Show the classification report - precision, recall, f1 for each class.

In [None]:
print( classification_report(y_test, y_pred ))

In [None]:
import seaborn as sns
sns.heatmap( confusion_matrix(y_test, y_pred) )

### Text classification using Word Vectors
#### Average word vectors
Do the same, using a classifier that averages the word vectors of words in the document.

In [None]:
X_train_vec = np.array([sum(w2v[w] for w in sent if w in w2v) for sent in X_train])
X_test_vec = np.array([sum(w2v[w] for w in sent if w in w2v) for sent in X_test])

In [None]:
from sklearn.svm import SVC
from sklearn.linear_model import LogisticRegression

model = LogisticRegression()
model.fit(X_train_vec, y_train)

In [None]:
# Predict
y_pred = model.predict(X_train_vec)
cm = confusion_matrix(y_train, y_pred)
print( pd.DataFrame(cm, index=genres, columns=genres) )

y_pred = model.predict(X_test_vec)
cm = confusion_matrix(y_test, y_pred)
print( pd.DataFrame(cm, index=genres, columns=genres) )

#### TfIdf Weighting
Do the same, using a classifier that averages the word vectors of words in the document, weighting each word by its TfIdf.


In [None]:
from sklearn.feature_extraction.text import TfidfVectorizer
tfidf = TfidfVectorizer(smooth_idf=True, sublinear_tf=False, norm=None, analyzer='word')
X_train_tfidf = tfidf_vect.fit_transform([" ".join(sent) for sent in X_train])
X_test_tfidf = tfidf_vect.transform([" ".join(sent) for sent in X_test])

In [None]:
X_train_vec = np.array([sum(w2v[w] for w in sent if w in w2v) for sent in X_train])
X_test_vec = np.array([sum(w2v[w] for w in sent if w in w2v) for sent in X_test])

### Text classification using ConvNet
Do the same, using a ConvNet.  
The ConvNet should get as input a 2D matrix where each column is an embedding vector of a single word, and words are in order.
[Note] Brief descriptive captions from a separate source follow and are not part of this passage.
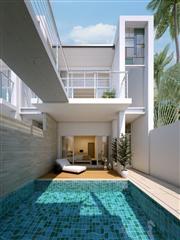 House for sale Bangsaray beach showing the swimming pool concept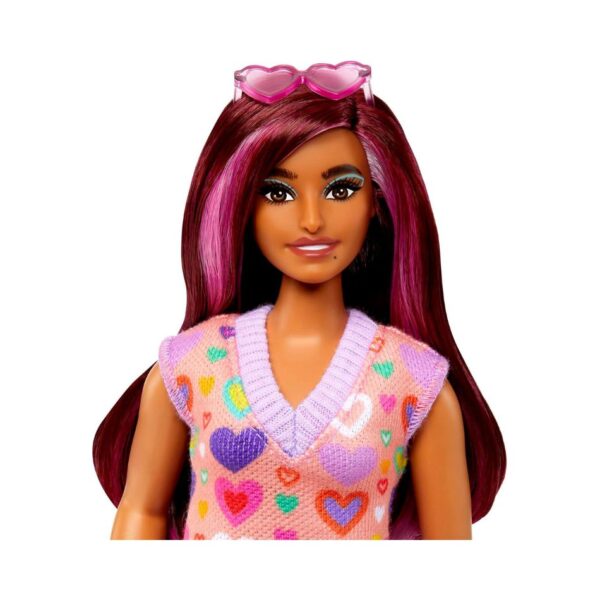 BRAND HJT04 BARBIE FASHIONISTAS DOLL 207 WITH A HEART-PRINT SWEATER DRESS, SUNGLASSES AND PLATFORM SHOES KOUREAS TOYS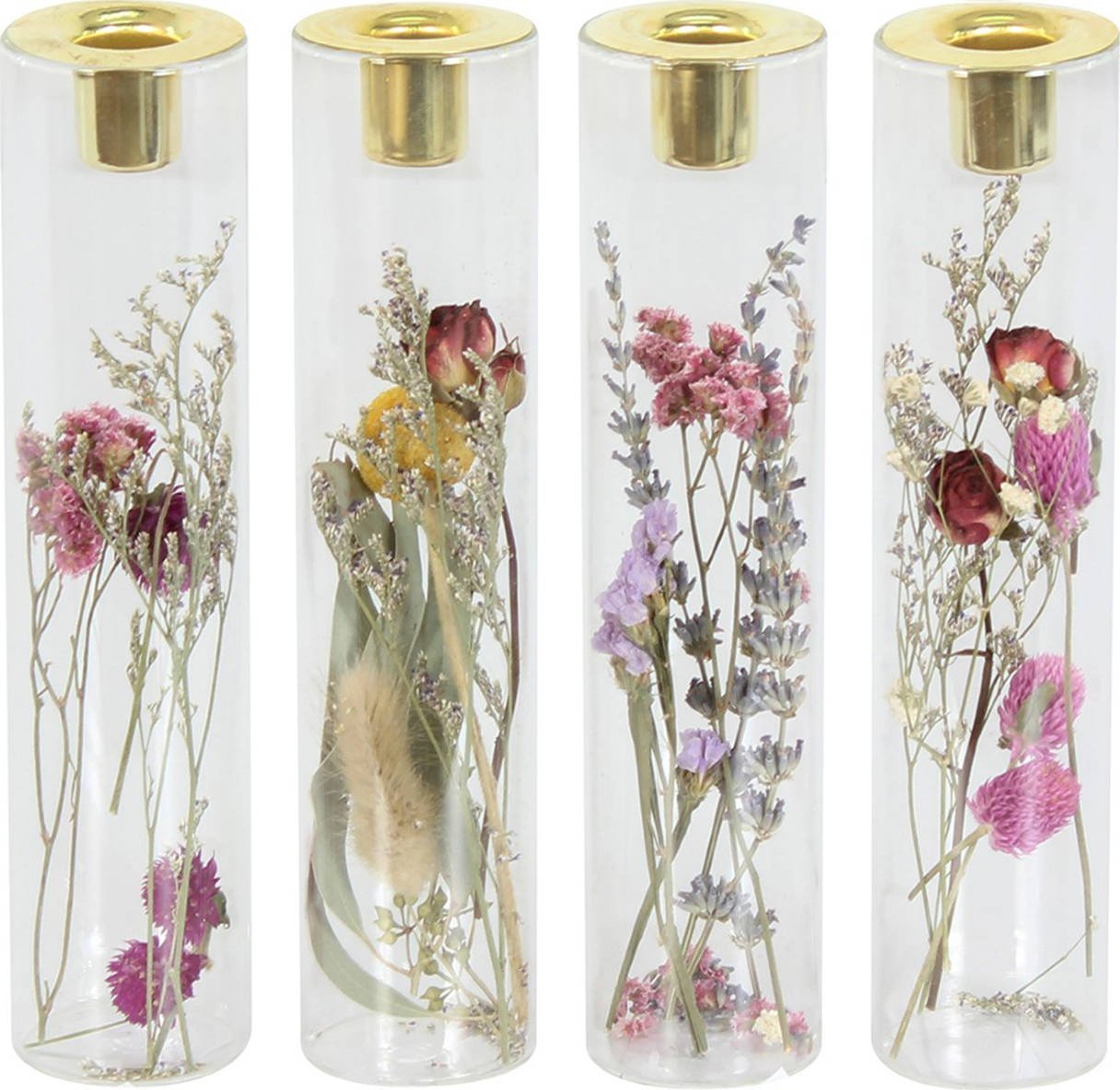 Tajemniczy ogród Świecznik szklany suszone kwiaty 23 cm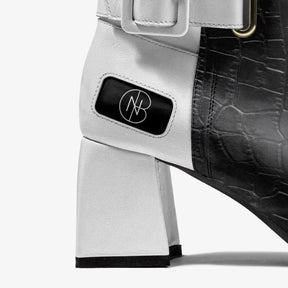 DNB Angeline Crocodile and Leather Ankle Boot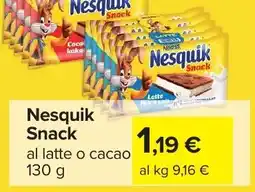 Carrefour Nesquik Snack al latte o cacao offerta
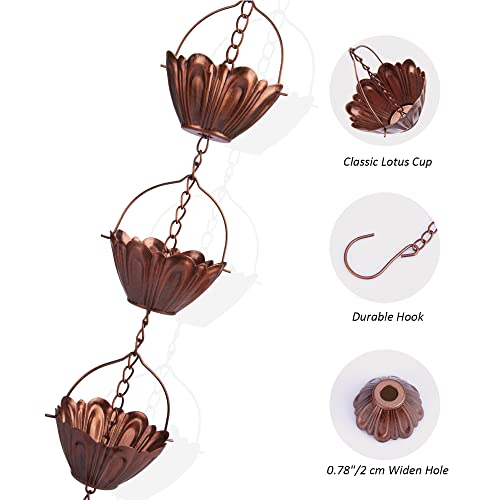 YJNSFT 8 ft Copper Plated Rain Chain for Outside Downspouts, Adjustable Rain Catcher for Garden Gutters, Decorative Metal Hanging Flower Spiral Rain Bells, 12 Lotus Cups, Red Copper Color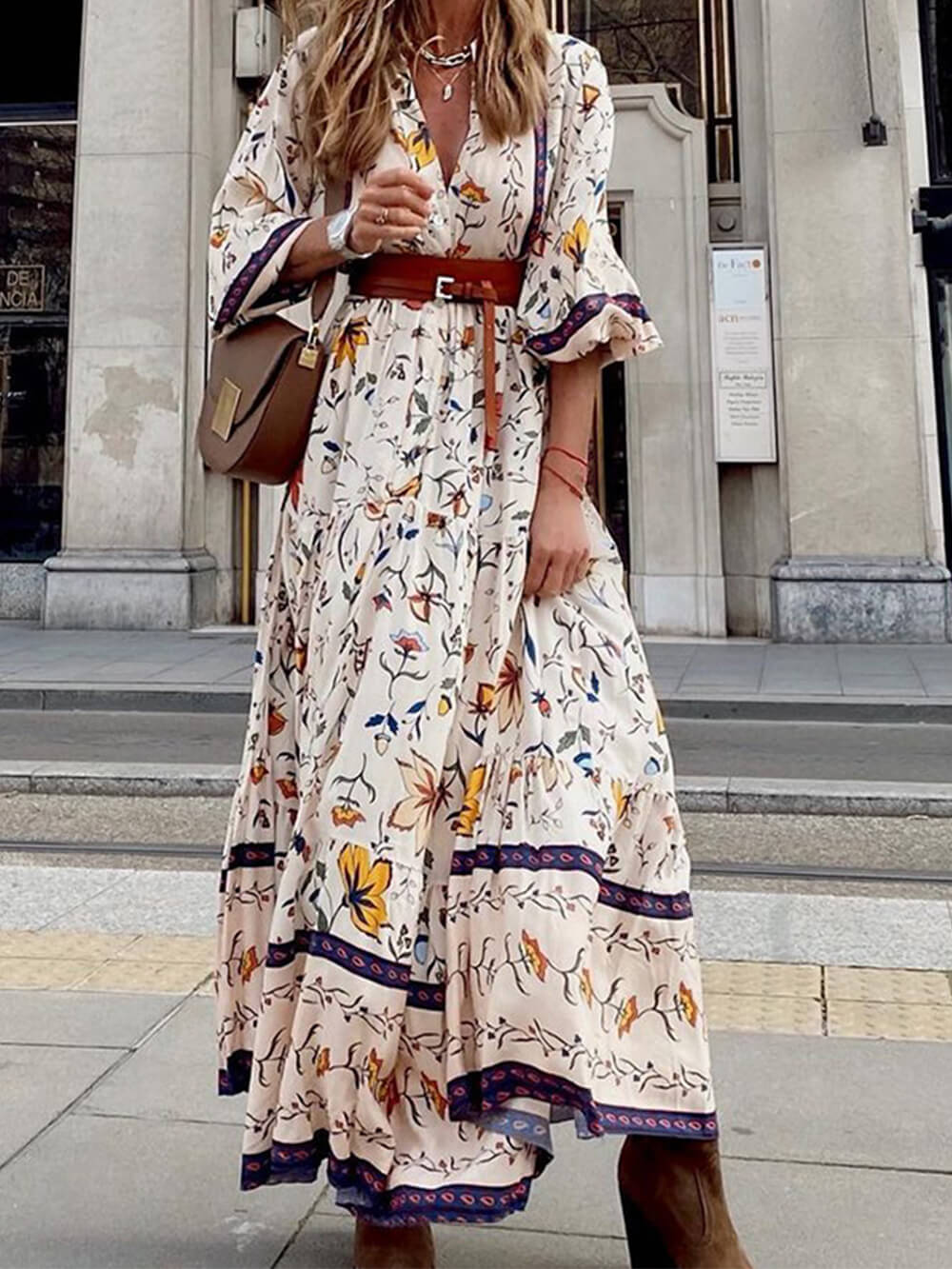 Roza - Bohemian Maxi Jurk met V-hals voor dames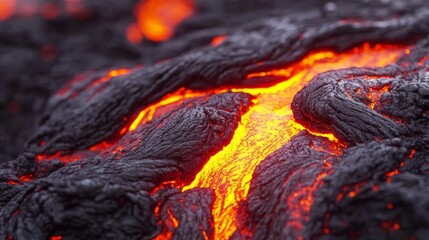 Close up of glowing lava flow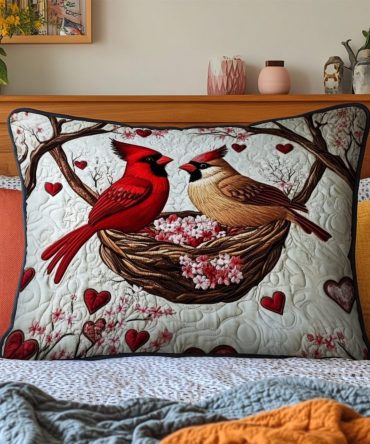 Harmony In Red Quilted Pillow Cover — Striking Red Quilted Decorative Pillowcase For Bold Bedroom, Living Room & Seasonal Styling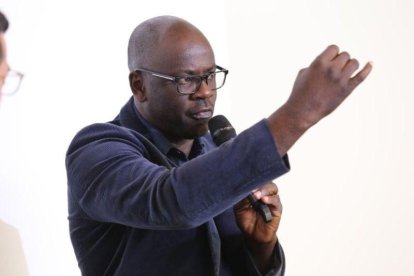 Thuram, durante la conferencia.-FUNDACIÓ BARÇA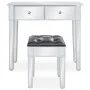 Tocador espejado con taburete de MDF y vidrio de vidaXL, Tocadores para dormitorios - Ref: Foro24-246661, Precio: 270,66 €, D...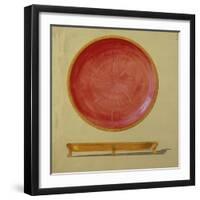 A Design for a Gold-Mounted Circular Guilloche Enamel Dish-null-Framed Giclee Print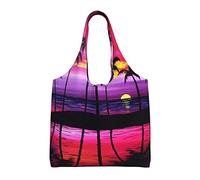 Tropical Palm Tree Print Canvas Tote Bag Shoulder Handbag Large Capacity Shopping Bag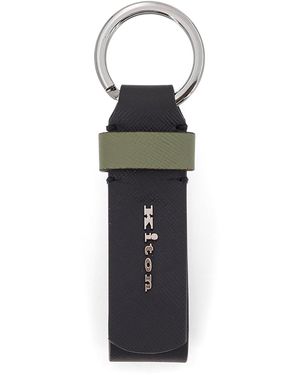 Kiton Leather Key Ring - White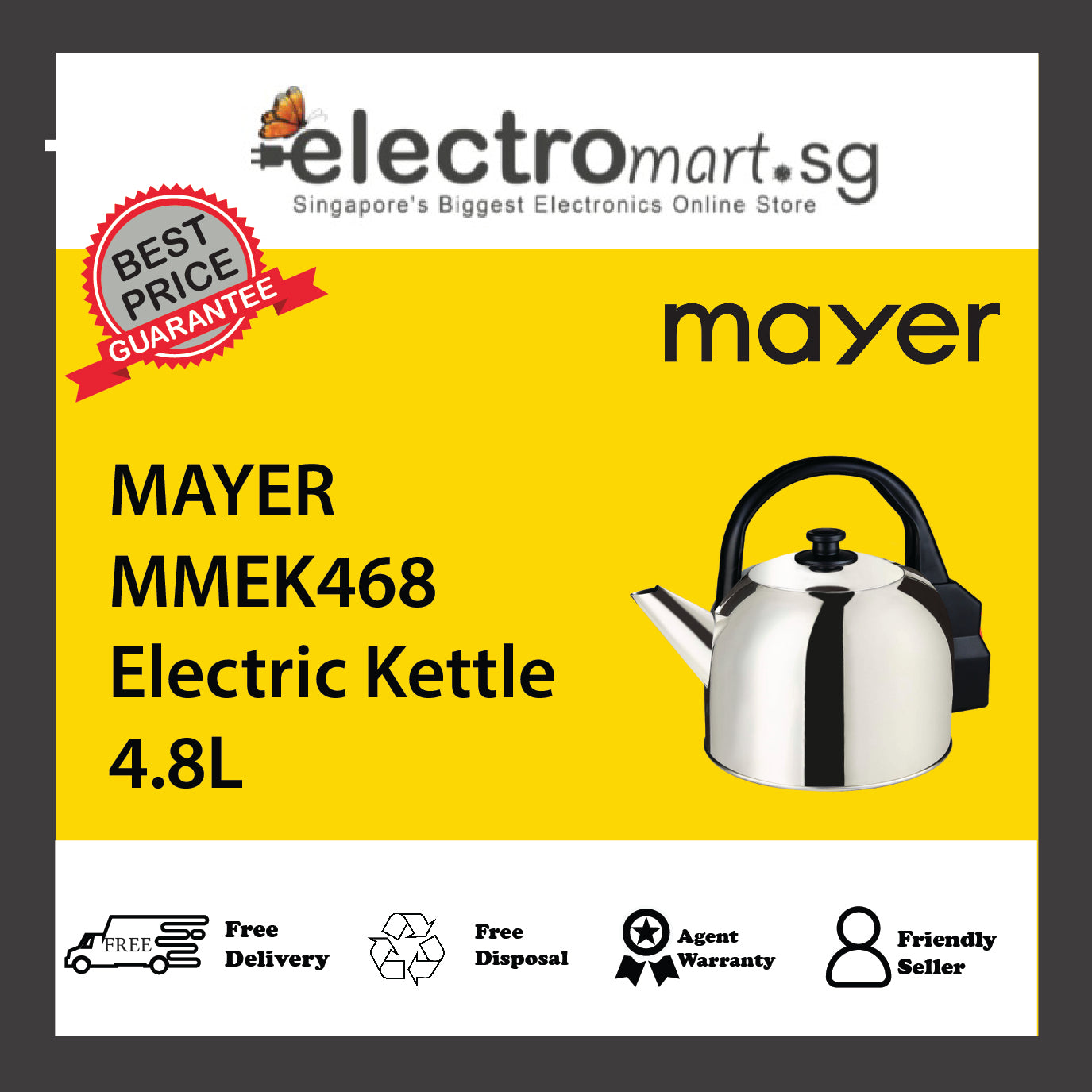 MAYER MMEK468 Electric Kettle 4.8L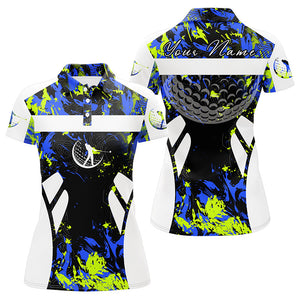 Green blue camo and white Womens golf polo shirt custom name cool golf gifts for ladies NQS7255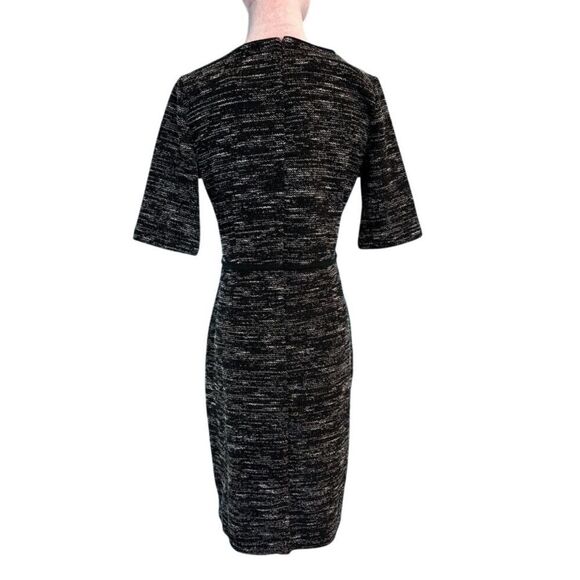 NWT Banana Republic S/S Sheath Dress Black White Variegated Knit Unlined 6 - Picture 3 of 6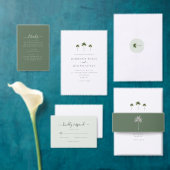 Elegant Modern Palm Tree Illustration Wedding 招待状ベリーバンド (この独立クリエイターのコレクションをカスタマイズ。)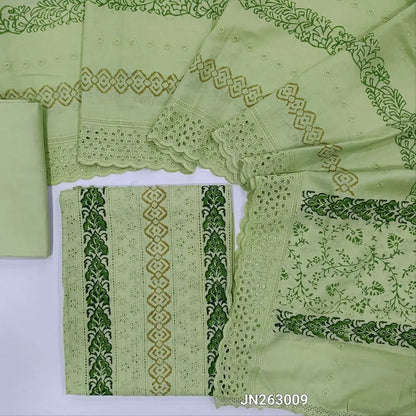 Light green schiffli embroidered block printed cotton unstitched salwar material(lining needed)block prints,cut work & self embroidery work on front, cotton bottom,block printed & schiffli embroidered mul cotton dupatta with scallop borders. JN263009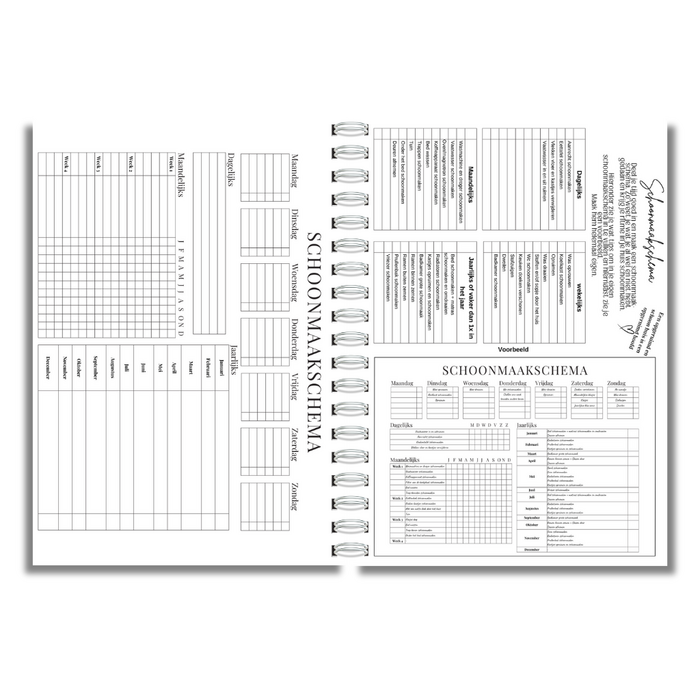 Levensplanner - schoonmaakschema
Use zero padding so that all matrices have a similar length.  
Some songs might be very long. Trim them so you keep a maximum of 128 words (after cleaning stop words and rare words).  
Initialize the embedding layer using the word vectors that you've trained before, but allow them to change during training.  

Extra: Try training the ConvNet with 2 slight modifications:
1. freezing the the weights trained using Word2vec (preventing it from updating)
1. random initialization of the embedding layer

You are encouraged to try this question on your own.  

You might prefer to get ideas from the paper "Convolutional Neural Networks for Sentence Classification" (Kim 2014, [link](https://arxiv.org/abs/1408.5882)).

There are several implementations of the paper code in PyTorch online (see for example [this repo](https://github.com/prakashpandey9/Text-Classification-Pytorch) for a PyTorch implementation of CNN and other architectures for text classification). If you get stuck, they might provide you with a reference for your own code.